Abstract In order to study the deformation mechanism of the weak layer in diabase dikes under long-term loading at the Dagangshan hydropower dam foundation, in situ large-scale compressive creep tests using rigid bearing plate were performed. The plate was placed perpendicular to the weak rock layer in test galleries of the dam slope. The five-parameter generalized Kelvin model was identified to describe the creep behavior of the weak layer, which avoids the rapid convergence issue if using the three-parameter generalized Kelvin model. Based on the Boussinesq problem in elastic mechanics, mathematical equations were derived through Laplace transform and inverse transform to describe deformation-time history for the five-parameter generalized Kelvin model under three-dimensional stress–strain conditions.
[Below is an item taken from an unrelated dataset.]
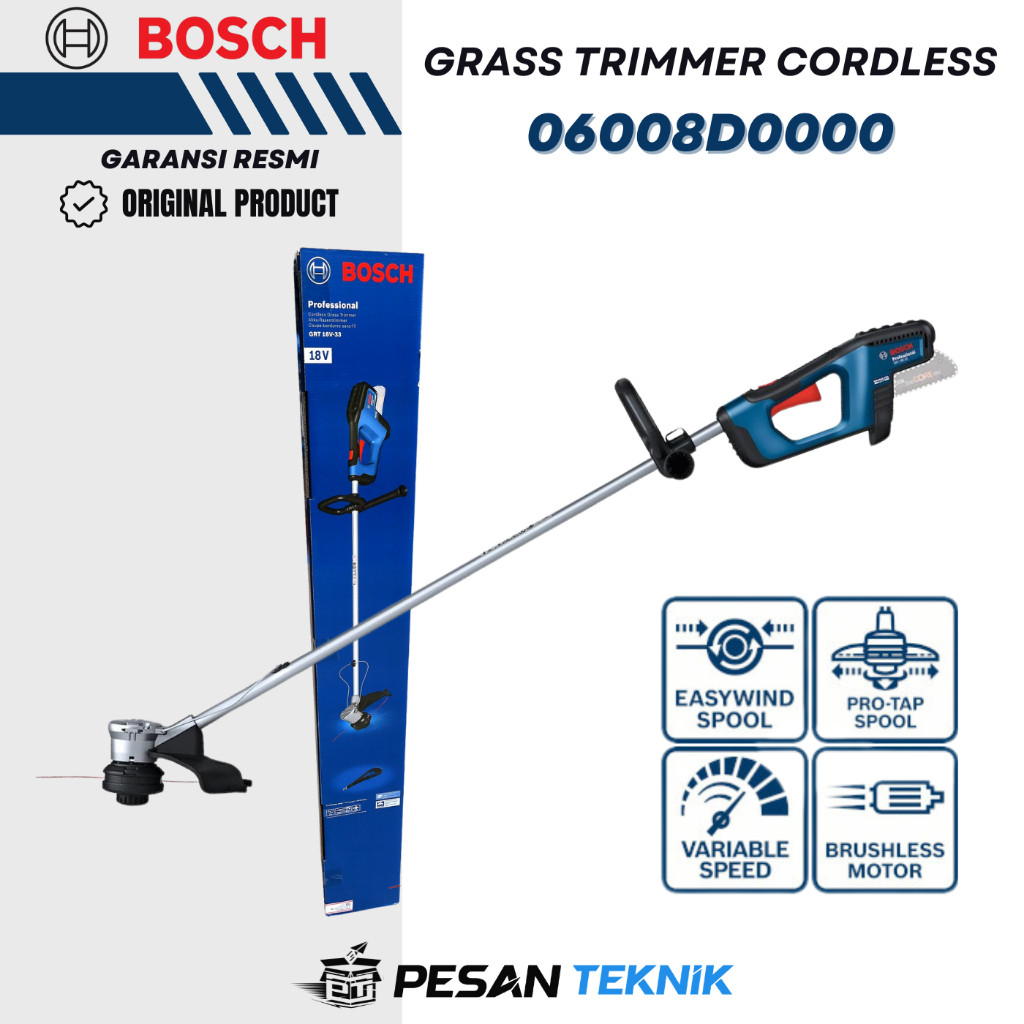 Mesin Potong Rumput Baterai Grass Trimmer Cordless Bosch GRT18V-33 06008D0000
A finite difference model was used to validate the model. The sensitivity of each parameter in the model was analyzed, which indicates that E 0 mainly influences the value of the instantaneous deformation; E 1 and E 2 mainly influence the value of the creep deformation; η 1 and η 2 mainly influence the time when the deformation rate becomes stable. Based on the derived equations, the rheological parameters were estimated. Reasonable agreement between the experimental results and model results is obtained. Results show that the five-parameter generalized Kelvin model is capable of representing the compressive creep test behavior more accurately than the three-parameter generalized Kelvin model or the standard Burgers model.